According to the US-based biopharmaceutical company, Ogsiveo is the first FDA-approved treatment for adult patients with desmoid tumours.
The FDA approval of Ogsiveo follows previously granted breakthrough therapy, fast track, and orphan drug designations, for the treatment of desmoid tumours.
SpringWorks CEO Saqib Islam said: “We are pleased with the broad label, which includes all progressing adult patients and specifically references improvement in pain and believe Ogsiveo has the potential to become the new standard of care for people living with these devastating tumours.
“This is a watershed moment for the desmoid tumour community, and we would like to extend our gratitude to the patients, families, investigators, and advocacy groups involved in the journey to making Ogsiveo available in the US.”

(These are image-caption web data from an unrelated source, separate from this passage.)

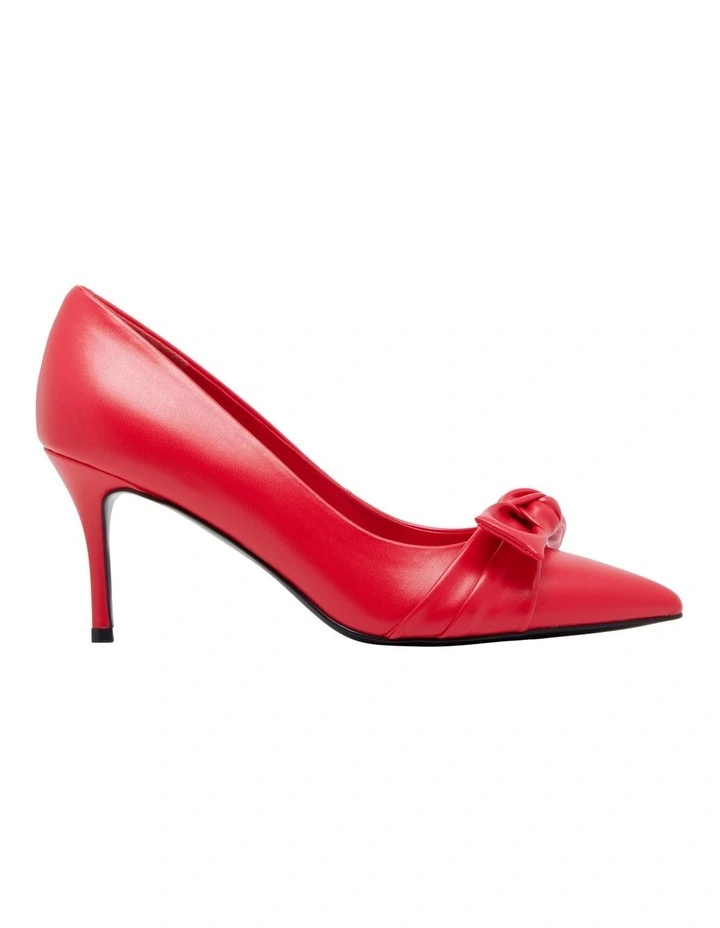Mowy Pump in Red
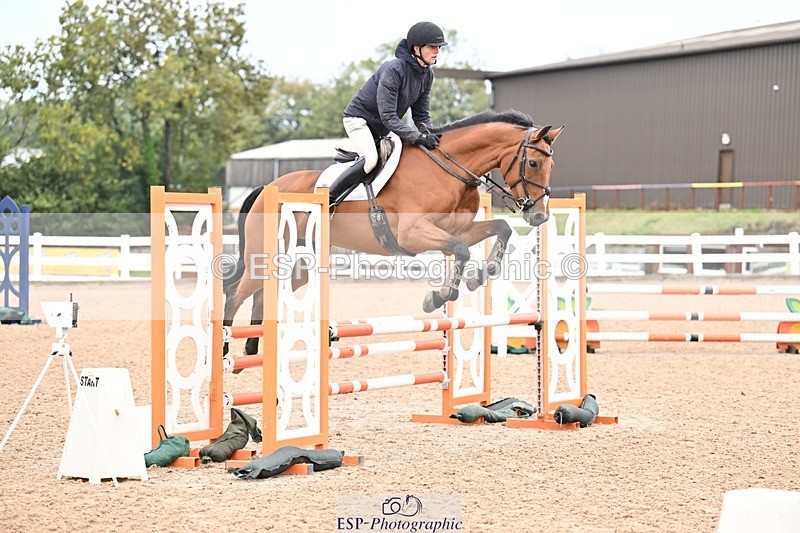 250917-110057-00196 - Cls 1 British Novice and 90cm Open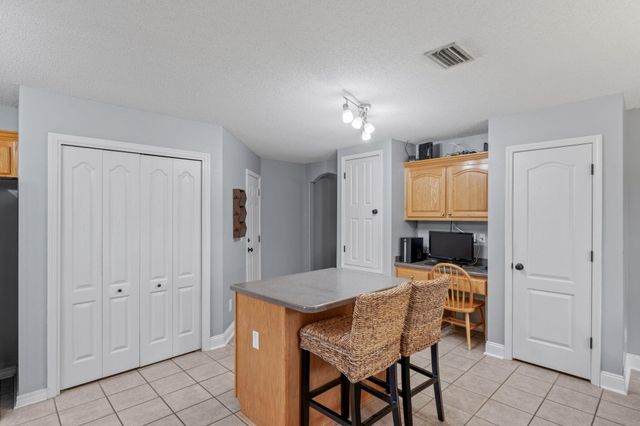 2381 Tumbleweed Drive, Navarre, FL 32566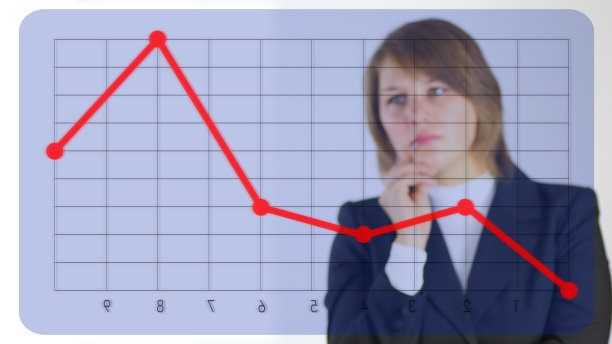 商业女性对虚拟屏幕至关重要图片下载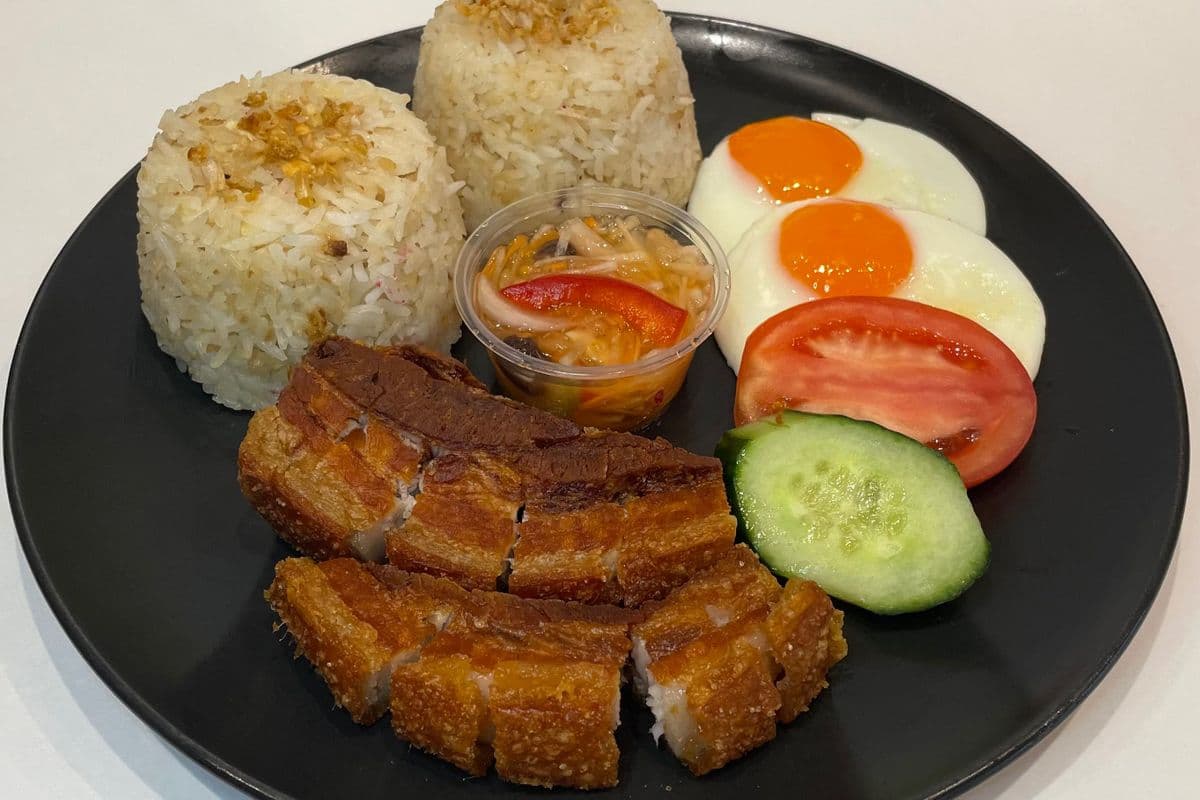 Lechonsilog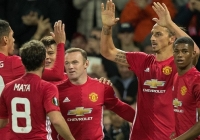 Tin bóng đá Anh 30/9: Ibra lập chiến tích khủng, Arsenal chi đậm cho HLV Wenger Tin bóng đá Anh 30/9: Ibra lập chiến tích khủng, Arsenal chi đậm cho HLV Wenger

The FDA approval of Ogsiveo is supported by the results from the Phase 3 DeFi trial in which 142 adult patients with progressing desmoid tumours who are not eligible for surgery.
In the Phase 3 study, the drug met the primary endpoint of improving progression-free survival (PFS), showing a 71% reduction in the risk of disease progression, compared to placebo.
Ogsiveo also showed a confirmed objective response rate (ORR) of 41% and a complete response rate of 7%, compared to 8% and 0% for placebo, respectively.
The PFS and ORR improvements were regardless of sex, tumour location, tumour focality, treatment status, previous treatments, mutational status, and history of familial polyposis.
The drug also showed improvements in patient-reported outcomes (PROs), including pain, desmoid tumour-specific symptoms, physical functioning, and overall quality of life.
In the Phase 3 DeFi trial, the Ogsiveo showed a manageable safety and tolerability profile.
The most common adverse events include diarrhoea, ovarian toxicity, rash, nausea, fatigue, stomatitis, headache, abdominal pain, cough, alopecia, upper respiratory tract infection, and dyspnoea.
Furthermore, SpringWorks is evaluating Ogsiveo as a potential treatment for ovarian granulosa cell tumours and multiple myeloma as part of several BCMA combination therapy regimens.